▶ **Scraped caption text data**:
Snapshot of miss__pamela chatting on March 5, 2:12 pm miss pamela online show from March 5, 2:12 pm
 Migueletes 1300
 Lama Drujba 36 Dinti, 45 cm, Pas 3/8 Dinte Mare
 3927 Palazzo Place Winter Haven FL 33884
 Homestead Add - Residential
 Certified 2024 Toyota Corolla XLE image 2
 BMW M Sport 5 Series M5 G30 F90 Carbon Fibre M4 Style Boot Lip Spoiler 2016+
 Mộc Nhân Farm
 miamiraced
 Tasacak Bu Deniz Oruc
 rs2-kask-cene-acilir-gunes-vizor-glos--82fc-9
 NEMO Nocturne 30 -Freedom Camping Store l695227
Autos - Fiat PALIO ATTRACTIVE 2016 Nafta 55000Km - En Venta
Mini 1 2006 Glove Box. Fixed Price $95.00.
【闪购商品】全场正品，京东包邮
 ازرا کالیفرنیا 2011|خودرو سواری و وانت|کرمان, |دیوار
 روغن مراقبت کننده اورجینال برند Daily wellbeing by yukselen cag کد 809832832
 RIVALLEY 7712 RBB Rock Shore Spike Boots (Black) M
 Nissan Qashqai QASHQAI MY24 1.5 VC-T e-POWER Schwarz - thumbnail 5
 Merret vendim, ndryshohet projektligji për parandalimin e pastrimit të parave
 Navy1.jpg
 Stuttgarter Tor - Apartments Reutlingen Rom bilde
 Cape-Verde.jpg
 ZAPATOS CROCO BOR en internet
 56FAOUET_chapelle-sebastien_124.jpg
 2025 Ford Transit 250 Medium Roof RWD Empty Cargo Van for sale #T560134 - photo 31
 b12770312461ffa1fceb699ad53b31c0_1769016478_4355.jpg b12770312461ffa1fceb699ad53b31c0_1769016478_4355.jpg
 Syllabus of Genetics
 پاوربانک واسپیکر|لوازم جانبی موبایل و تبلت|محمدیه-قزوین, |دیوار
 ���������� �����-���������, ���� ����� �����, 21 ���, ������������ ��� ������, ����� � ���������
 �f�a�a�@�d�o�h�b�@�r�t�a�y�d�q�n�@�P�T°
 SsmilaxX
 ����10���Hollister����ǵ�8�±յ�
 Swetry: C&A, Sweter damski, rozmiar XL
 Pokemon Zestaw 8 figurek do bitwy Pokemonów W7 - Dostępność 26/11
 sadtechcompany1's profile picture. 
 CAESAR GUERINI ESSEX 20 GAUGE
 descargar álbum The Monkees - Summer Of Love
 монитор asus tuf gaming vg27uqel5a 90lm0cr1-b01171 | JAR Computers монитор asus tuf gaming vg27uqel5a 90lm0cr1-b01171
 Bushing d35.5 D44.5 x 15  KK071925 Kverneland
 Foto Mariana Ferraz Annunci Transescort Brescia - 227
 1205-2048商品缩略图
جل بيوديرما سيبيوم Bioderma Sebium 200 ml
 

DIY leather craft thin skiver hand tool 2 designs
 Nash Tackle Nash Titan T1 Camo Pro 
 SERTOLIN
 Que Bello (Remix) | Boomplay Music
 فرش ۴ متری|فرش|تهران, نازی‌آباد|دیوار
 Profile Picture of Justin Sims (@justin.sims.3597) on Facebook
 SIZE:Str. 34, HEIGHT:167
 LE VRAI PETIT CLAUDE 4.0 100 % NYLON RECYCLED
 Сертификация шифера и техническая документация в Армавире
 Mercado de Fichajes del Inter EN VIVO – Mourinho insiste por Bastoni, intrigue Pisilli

▶ **Aim of the task**: Find the line with "монитор asus tuf gaming vg27uqel5a 90lm0cr1-b01171 |" in the entries above. Retype it and each line after it, exactly, through the line with "Que Bello (Remix) | Boomplay Music", and stop there.

▶ **Solution**:
 монитор asus tuf gaming vg27uqel5a 90lm0cr1-b01171 | JAR Computers монитор asus tuf gaming vg27uqel5a 90lm0cr1-b01171
 Bushing d35.5 D44.5 x 15  KK071925 Kverneland
 Foto Mariana Ferraz Annunci Transescort Brescia - 227
 1205-2048商品缩略图
جل بيوديرما سيبيوم Bioderma Sebium 200 ml
 

DIY leather craft thin skiver hand tool 2 designs
 Nash Tackle Nash Titan T1 Camo Pro 
 SERTOLIN
 Que Bello (Remix) | Boomplay Music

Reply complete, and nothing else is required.